Many patients who have Covid-19 seem to feel fine and comfortable while having alarmingly low blood oxygen levels. This condition, called hypoxia, is usually associated with serious respiratory distress, such as pneumonia, when the lungs can’t expel carbon dioxide efficiently or when they become filled with fluid.
In these cases, it’s the compromised lungs that leave patients feeling out of breath – not the low oxygen levels. According to experts, normal blood-oxygen levels should be at least 95%.
Some hypotheses emerging
Early in Covid-19, when the lungs are not damaged, patients often don’t realise their blood-oxygen levels are dropping dangerously low. “The lungs are inflating so they feel OK,” Elnara Marcia Negri, a pulmonologist at Hospital Sírio-Libanês in São Paulo said in an article. Reuben Strayer, an emergency physician and Maimonides Medical Center in New York City stated that their clinicians are also baffled by this.
“There is a mismatch [between] what we see on the monitor and what the patient looks like in front of us,” he said.
No-one is truly sure why this is, but some hypotheses are emerging among medical professionals and researchers. Negri believes that blood clotting as an early inflammation response may be the reason why blood oxygen levels drop lower.
Other professionals also believe the clotting hypothesis and have started to test admitted Covid-19 patients for clotting and start administering blood thinners as a treatment. But they do say that this is simply not the only explanation.
Would at-home oxygen testing help?
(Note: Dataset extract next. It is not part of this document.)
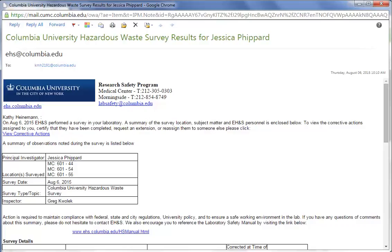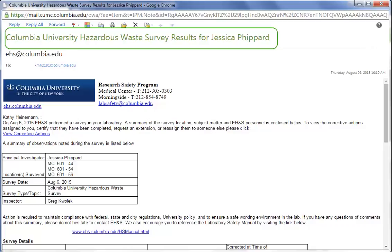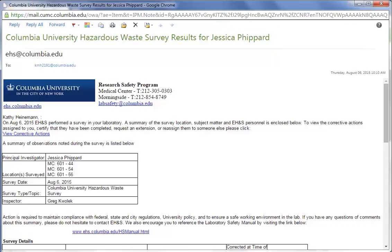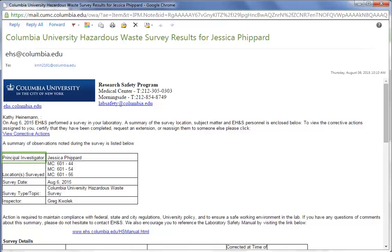You'll notice a few items in the email you receive. You'll see your name, and in the summary table, you'll see the PI, the lab rooms in the survey, the survey date, the topic covered, and who from EH&S was there.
Oximeters are relatively inexpensive devices that can be used at home, which could serve as an indication that your blood oxygen levels are low before you start experiencing serious complications.
However, experts don’t believe that that is the simplest solution to avoid bad outcomes from Covid-19. Doctors are also not sure whether diagnosing hypoxia early enough would be enough to alleviate serious complications from Covid-19, as it hasn’t been studied enough.